The national mental health strategy, A Vision for Change, is ten years old this year. Within the next 100 days, I will initiate an evidence-based expert review of progress in the implementation of this policy and in the improvement of mental health services. The review will take account of international best practice in the area of mental health and will inform how we will develop our policy.

Perhaps the main challenge to the mental health service is the recruitment and retention of staff. Many well-trained, highly motivated people are taking up employment outside the public service, either in the private sector or abroad. I touched on this yesterday with a number of Senators. I am conscious of the difficulty in recruiting and retaining nurses in the mental health area. For that reason, I am happy to inform Senators that the HSE is reintroducing a one-year post-registration programme in psychiatric nursing for nurses who are registered in either the general, intellectual disability or children's divisions of the register maintained by the Nursing and Midwifery Board of Ireland.
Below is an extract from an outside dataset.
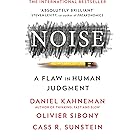 Noise: The new book from the authors of ‘Thinking, Fast and Slow’ and ‘Nudge’ (English Edition)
A total of 30 places have been made available on the programme which is due to commence in autumn 2016 in association with UCD. While this is a positive move, there is a great deal of work to do, and further recruitment of staff within the HSE requires change, for which I intend to push.

We live in an evolving world. While we can communicate with people more quickly, in many ways, perhaps, we are becoming more isolated due to the pace of our daily lives and the pressures we are under. Our pace of life is getting faster. This puts people under pressure and in need of assistance. The need to reform and to update our mental health policy and services is clear. We need to plan for this but also address changes happening now. Education is key and is most important at an early stage. Mental health issues often manifest at a much younger age than we like to think about or even discuss, but that is today’s reality. The pressures that young people face today compared with when any of us was in school are completely different. Every second of a young person’s life is online, and while it is visible for everybody to see, it is also visible for everybody to criticise - what they look like, how they dress, who their friends are, who they hang out with, where they go to school and how they do in exams. There is a different dimension to young people’s lives that was not there a few years ago and we need to start dealing with it.

In the next 100 days, I will establish a youth mental health task force. I am actively working on this. The task force will consider how best to assist young people in developing resilience and coping skills to support their emotional well-being at an early stage, and to build awareness of how to access high-quality effective services when they need them. The task force will comprise a number of non-political, non-governmental members with significant expertise in the area of youth mental health and will be supported by a significant cross-departmental effort to establish a new, co-ordinated way of working across government to advance youth mental health and well-being. This will be a critical aspect of our work. The mental wellness and well-being of young people is not simply a health issue and it should not relate specifically to the Department of Health. It is not simply an education issue either. It is an economic, social and community issue that requires the public, private and voluntary sectors and all of us to co-ordinate and pull together in order that our efforts combined achieve more than the sum of their parts and in order that every young person has the full support of the community they live in to reach their full potential.

I refer again to the marriage equality referendum last year. This was not mental health legislation but it had a massively positive impact on the mental health of many people. We need to identify the everyday issues that affect young people’s well-being and, as a community and as a society, and we need to equip them with the tools to deal with them effectively.

I thank the House for the opportunity to contribute and I am here to listen to what Members have to say. I will take on board what they say and, I hope, work them with them into the future.